B. Standards for Granting a Hearing
FDA may deny a hearing request if the objections to the regulation
do not raise genuine and substantial issues of fact that can be
resolved at a hearing. Specific criteria for determining whether a
hearing has been justified are set forth in 21 CFR 12.24(b). A hearing
will be granted if the material submitted shows that: (1) There is a
genuine and substantial issue of fact for resolution at a hearing. A
hearing will not be granted on issues of policy or law; (2) the factual
issue can be resolved by available and specifically identified reliable
evidence. A hearing will not be granted on the basis of mere
allegations or denials or general descriptions of positions and
contentions; (3) the data and information submitted, if established at
a hearing, would be adequate to justify resolution of the factual issue
in the way sought by the person. A hearing will be denied if the
Commissioner concludes that the data and information submitted are
insufficient to justify the factual determination urged, even if
accurate; (4) resolution of the factual issue in the way sought by the
person is adequate to justify the action requested. A hearing will not
be granted on factual issues that are not determinative with respect to
the action requested, e.g., if the Commissioner concludes that the
action would be the same even if the factual issues were resolved in
the way sought, or if a request is made that a final regulation include
a provision not reasonably encompassed by the proposal; and (5) the
action requested is not inconsistent with any provision in the act or
any regulation in this chapter particularizing statutory standards. The
proper procedure in those circumstances is for the person requesting
the hearing to petition for an amendment or waiver of the regulation
involved.
A party seeking a hearing is required to meet a ``threshold burden
of tendering evidence suggesting the need for a hearing.'' Costle v.

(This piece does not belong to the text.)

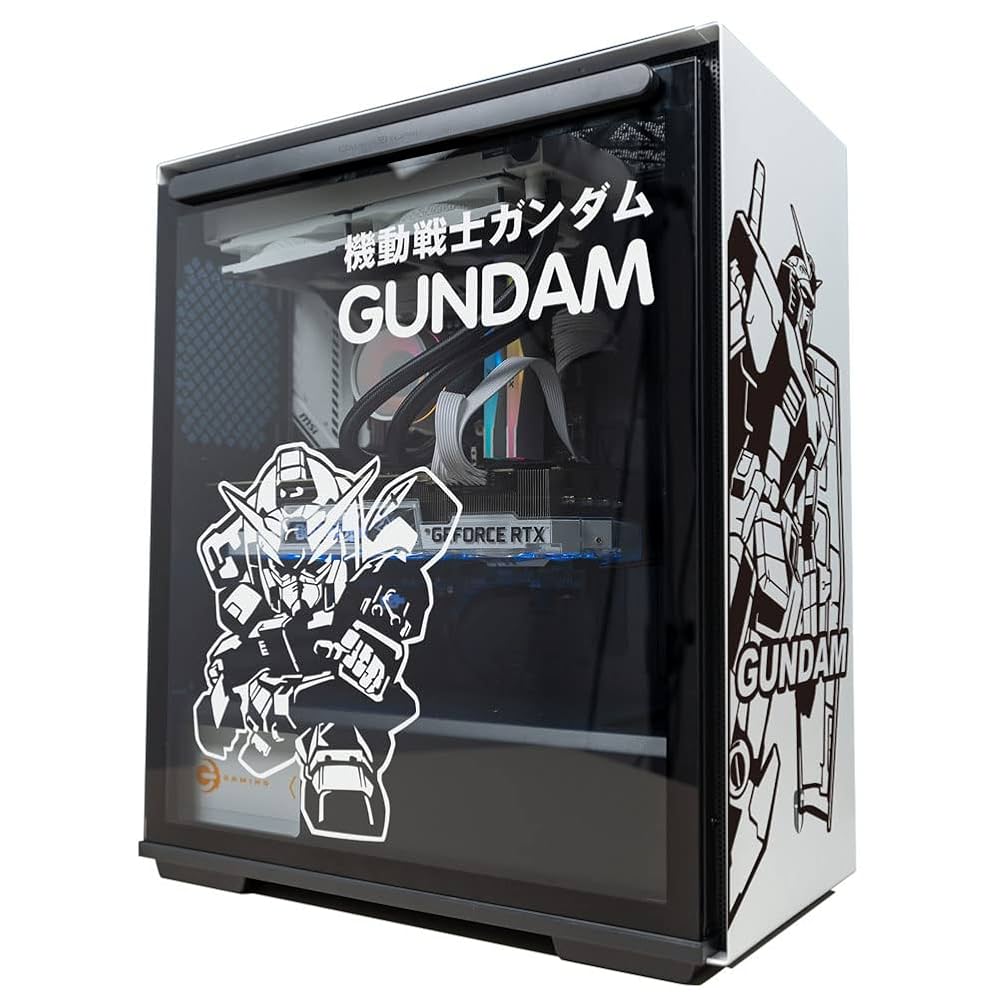Amazon.co.jp: 機動戦士ガンダム パソコンケースシール，ATX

Pacific Legal Foundation, 445 U.S. 198, 214-215 (1980) reh. den., 445
U.S. 947 (1980), citing Weinberger v. Hynson, Wescott & Dunning, Inc.,
412 U.S. 609, 620-621 (1973). An allegation that a hearing is necessary
to ``sharpen the issues'' or to ``fully develop the facts'' does not
meet this test. Georgia Pacific Corp. v. U.S. E.P.A., 671 F.2d 1235,
1241 (9th Cir. 1982). If a hearing request fails to identify any
factual evidence that would be the subject of a hearing, there is no
point in holding one. In judicial proceedings, a court is authorized to
issue summary judgment without an evidentiary hearing whenever it finds
that there are no genuine issues of material fact in dispute and a
party is entitled to judgment as a matter of law. (See Rule 56, Federal
Rules of Civil Procedure.) The same principle applies in administrative
proceedings.
A hearing request must not only contain evidence, but that evidence
should raise a material issue of fact concerning which a meaningful
hearing might be held. Pineapple Growers Association v. FDA, 673 F.2d
1083, 1085 (9th Cir. 1982). Where the issues raised in the objection
are, even if true, legally insufficient to alter the decision, the
agency need not grant a hearing. Dyestuffs and Chemicals, Inc. v.

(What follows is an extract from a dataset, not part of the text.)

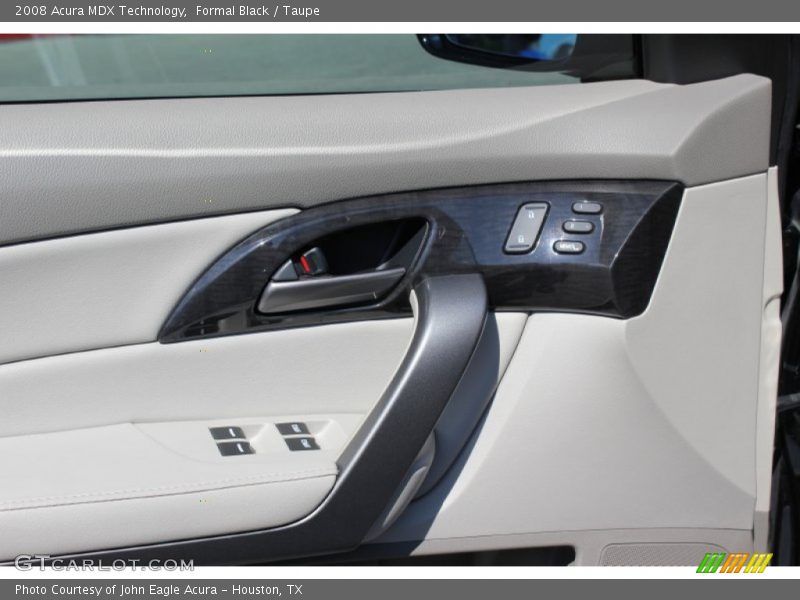 Formal Black / Taupe 2008 Acura MDX Technology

Flemming, 271 F.2d 281 (8th Cir. 1959), cert. denied, 362 U.S. 911
(1960). FDA need not grant a hearing in each case where an objector
submits additional information or posits a novel interpretation of
existing information. (See United States v. Consolidated Mines &
Smelting Co., 455 F.2d 432 (9th Cir. 1971).) In other words, a hearing
is justified only if the objections are made in good faith, and if they
``draw in question in a material way the underpinnings of the
regulation at issue.'' Pactra Industries v. CPSC, 555 F.2d 677 (9th
Cir. 1977) (see also Community Nutrition Institute v. Young, 773 F.2d
1356 (D.C. Cir. 1985)). Finally, courts have uniformly recognized that
a hearing need not be held to resolve questions of law or policy. (See
Citizens for Allegan County, Inc. v. FPC, 414 F.2d 1125 (D.C. Cir.

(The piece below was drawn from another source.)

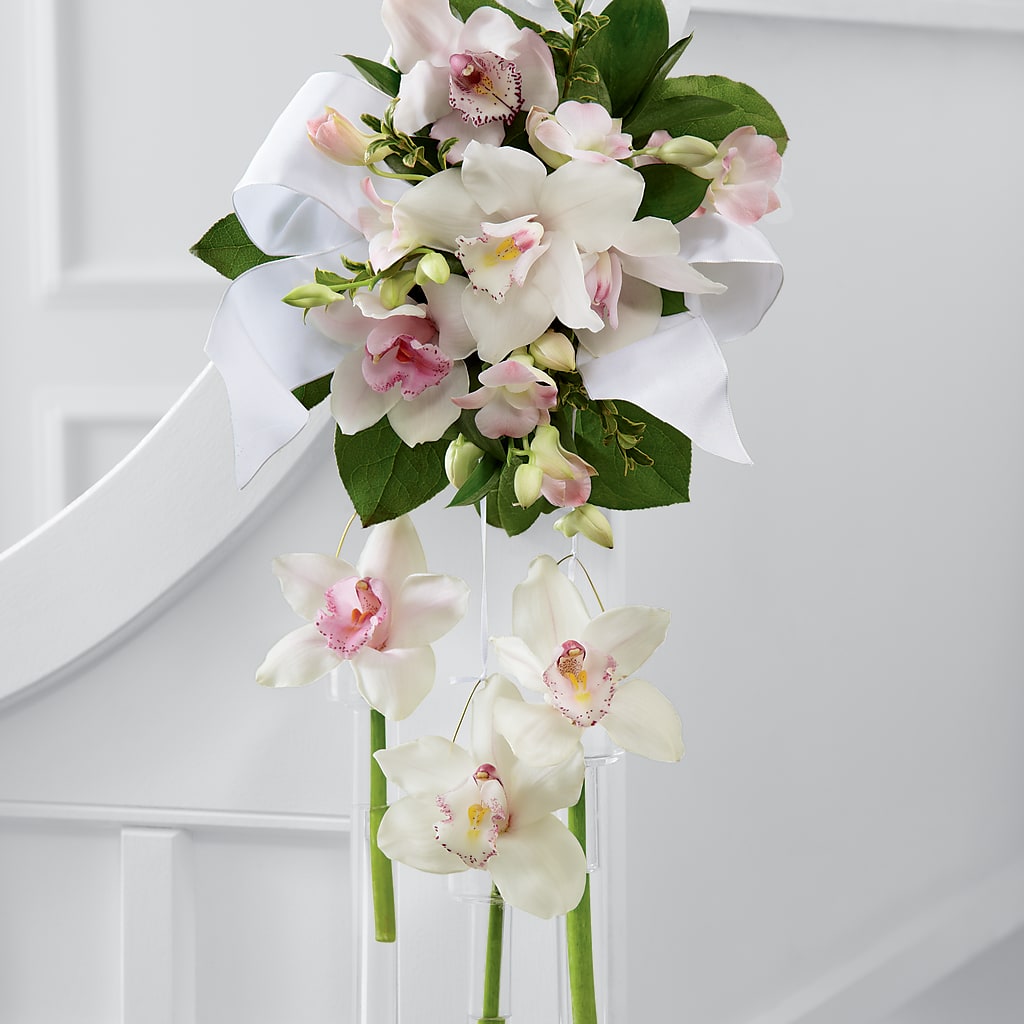 Perfect Entrance Pew Arrangement – KAY'S FLORAL AFFAIR, Monett MO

1969); Sun Oil Co. v. FPC, 256 F.2d 233, 240 (5th Cir.), cert. denied,
358 U.S. 872 (1958).)
In summary, a hearing request should present sufficient credible
evidence to raise a material issue of fact, and the evidence must be
adequate to resolve the issue as requested and to justify the action
requested.
C. Analysis of Objections and Request for a Hearing and Related
Comments
1. The three objectors and one of the comments stated that the
agency had not provided adequate notice or opportunity for comment on
its decision to remove the provision providing for the use of the
statement ``Useful Only in Not Promoting Tooth Decay.'' The objectors
presented a number of arguments as support. First, two of the objectors
stated that all of the previous proposals related to the final rule
implied that the agency was going to retain the phrase ``Useful Only in
Not Promoting Tooth Decay.'' Secondly, one objector stated that the
meaning of the agency's statement in the nutrient content claims
proposal that it planned at some point to reevaluate its earlier
determination regarding sugar-free products was at least ambiguous. The
other two objectors stated that this statement only served to alert
interested persons that FDA may decide in the future to propose
revisions to the rule allowing use of the statement ``Useful Only in
Not Promoting Tooth Decay'' but that such revisions could have gone in
either direction. These objectors concluded that the decisions to
delete Sec. 105.66(f) and to subject the phrase ``Useful Only in Not
Promoting Tooth Decay'' to the requirements of health claims were in no
sense logical outgrowths of FDA's November 1991 proposal.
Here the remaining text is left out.